|
|
|
|
Der Standard, 24. Oktober 2012 |
Stefan Ender |
|
Schubert: Die schöne Müllerin, Wiener Staatsoper, 23. Oktober 2012 |
|
Liebe, Leid und Weiblichkeit
|
|
Jonas Kaufmann singt Schuberts "Die schöne Müllerin" |
|
Wenn gepflegte Weiblichkeit im Quenty-Forty-Lebensabschnitt en masse die
Staatsoper flutet, dann müssen da wohl höhere Mächte mit im Spiel sein.
Jonas Kaufmann zum Beispiel. Der 43-Jährige ist der aktuelle Kassenmagnet
und Coverboy der Opernwelt, der Tenor-Apoll-du-jour.
Seine adorierte
Physis zeigte sich bei seinem Liederabend etwas angeschlagen: Kaufmann
informierte das Publikum vorab über sein akutes Magen-Darm-Grippeleiden, er
fühle sich "etwas zittrig". Worauf ihm aus dem Stehplatzbereich eine
couragiert-hysterische Stimme entgegenschlug, die riet, er solle seine
Grippe einfach in den "geistigen Mülleimer" schmeißen. Und schon ging's los.

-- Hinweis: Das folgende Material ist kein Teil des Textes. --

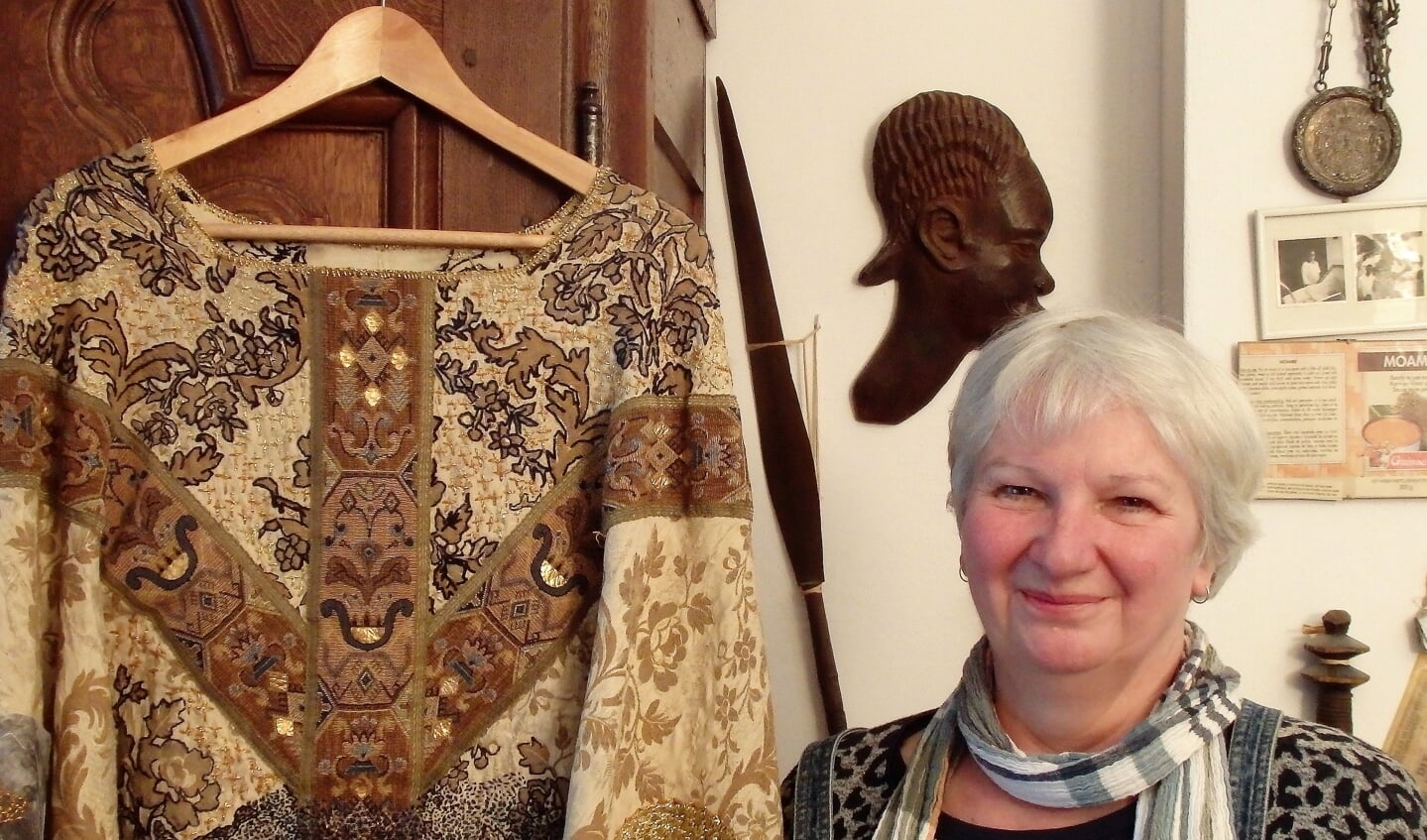 Marjo van der Leeuw is textielkunstenares.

Kaufmann sang und wurde zu jenem Müllerburschen, dessen emotionale
Wanderungen von den Gefilden höchster Euphorie bis in jene abgrundtiefer
Verzweiflung Franz Schubert so berührend in Tonform gesetzt hat. Im ersten
Viertel dieser Tour ließ eine leichte Trockenheit der Stimme und ein dünn
klingendes Piano noch um die Durchhaltekraft des Deutschen bangen, doch dann
nahmen Wärme und Elastizität zu wie auch die Mischfähigkeit von Brust- und
Kopfstimme.
Berührende, intime Pianissimi waren Kaufmann so möglich,
doch natürlich führte der Opernstar sein Luxusorgan mit dem gedeckten,
kernigen Timbre auch in die Zonen dynamischer Attacke. Wie seine
Wortdeutlichkeit berückten auch Genauigkeit und Nuanciertheit des gesungenen
Gefühls, auch in den Strophenliedern. Am Klavier assistierte ausgewogen und
doch farbenreich Helmut Deutsch, der sich zu Beginn nicht einmal den Anflug
eines Pedalrausche(n)s erlaubte.
In der letzten Strophe des letzten
Liedes, bei des Baches schubertsanftem Trostlied für das Liebesopfer,
spannte Kaufmann noch einmal einen letzten, intensiven Bogen der Emotion.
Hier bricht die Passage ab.